Quella volta che Fabrizio De Andrè mi prese a parolacce

"Per conoscere De Andrè mi spacciai per un giornalista"

di Giuseppe Savà

Pensavo è bello che dove finiscono le mie dita debba in qualche modo cominciare una chitarra
Fabrizio Cristiano De André
(Genova, 18 febbraio 1940 – Milano, 11 gennaio 1999)
Ho conosciuto Fabrizio De Andrè nel camerino del Teatro Olimpico, a Roma, nel novembre del 1992. Avevo diciannove anni. A fine concerto mi misi in fila, dietro Maurizio Mannoni, Tg3, e Michele Santoro. Mi spacciai per un giornalista. L’ascolto di De Andrè lo avevo iniziato qualche anno prima. Pensavo a lui come a un cantautore anziano, ottantenne, tanto fuori dal tempo mi era parsa la sua musica. Abbiamo fatto una foto di gruppo. Io non entravo nella scena, tanti eravamo quelli che volevano stare in quella foto insieme a lui.

“Se non ti offendi ti prendo in braccio”, mi disse Fabrizio.
Pesavo 49 chili. Non mi offesi.
L’ultimo album, “Le Nuvole”, aveva suscitato polemiche feroci. De Andrè (in “Don Raffaè”) celebra i fasti in prigione di Don Raffaele Cutolo, che trova il lavoro al fratello del secondino; De Andrè a fianco del “pettirosso da combattimento, Renato Curcio, il carbonaro”, in un sogno ambientato alla Baggina, il Pio Albergo Trivulzio, dove due anni dopo, nel ’92, appunto, sarebbe scoppiata Tangentopoli.
Dal vivo lui ci giocava e “il poeta della Baggina” diventava per lapsus “il poeta della vagina”.
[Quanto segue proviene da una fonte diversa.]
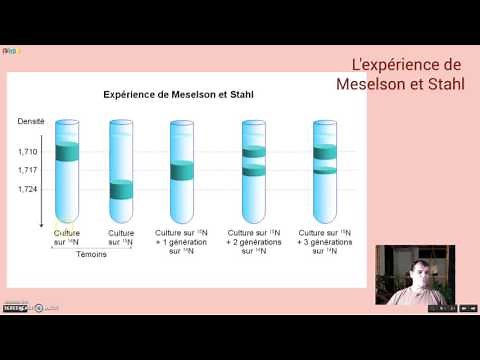 Semi-conservative DNA replication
De Andrè durante la sua carriera ha descritto “la figlia del droghiere” (“Rimini”), la borghesia italiana, spiandola dal buco della serratura, accusandola impietosamente di aver tradito la propria missione, il riscatto dei più deboli, da cui quella classe emergente proveniva ed era in qualche misura espressione.

“il ministro dei temporali
in un tripudio di tromboni
auspicava democrazia
con la tovaglia sulle mani e le mani sui coglioni
voglio vivere in una città
dove all’ora dell’aperitivo
non ci siano spargimenti di sangue
o di detersivo”
De Andrè descrive gli anni Novanta, il carillon di “Ottocento”, destinato a impazzire e a esplodere, con una forza visionaria dirompente, dove il “figlio bianco e vermiglio” di Jacopone da Todi si mescola al figlio “figlio bello e audace, bronzo di Versace” in un tessuto poetico postmoderno, in grado di frullare la storia e la contemporaneità. E quando tutti, nel post 68, cantavano l’impegno politico, Fabrizio pubblicò il concept album “La Buona Novella”, il cui incipit, “Laudate Dominum”, prelude a un finale laico, “Laudate Hominem”.

“Poterti smembrare coi denti e le mani,
sapere i tuoi occhi bevuti dai cani,
di morire in Croce puoi essere grato
a un brav’uomo di nome Pilato  
De Andrè canta l’amore laico per l’uomo Gesù, il riconoscimento della superiorità del messaggio cristiano, pur negando l’origine divina di Cristo.

“Ma adesso che viene la sera ed il buio
mi toglie il dolore dagli occhi
e scivola il sole al di là delle dune
a violentare altre notti:
io nel vedere quest’uomo che muore,
madre, io provo dolore.
Nella pietà che non cede al rancore,
madre, ho imparato l’amore” 
Ci siamo visti l’ultima volta a Perugia, il 12 aprile 1997. Erano saltate le due date siciliane. Presi il treno, arrivai a Roma. Affittai una Citroen Saxo, e giunsi a Perugia. Tornai a trovarlo in camerino. 
“Fabrizio, stanotte mi sono fatto 1200 chilometri per venirti ad ascoltare”, dissi col mio inconfondibile accento siculo. Mi guardò, perplesso: “Minchione sei”.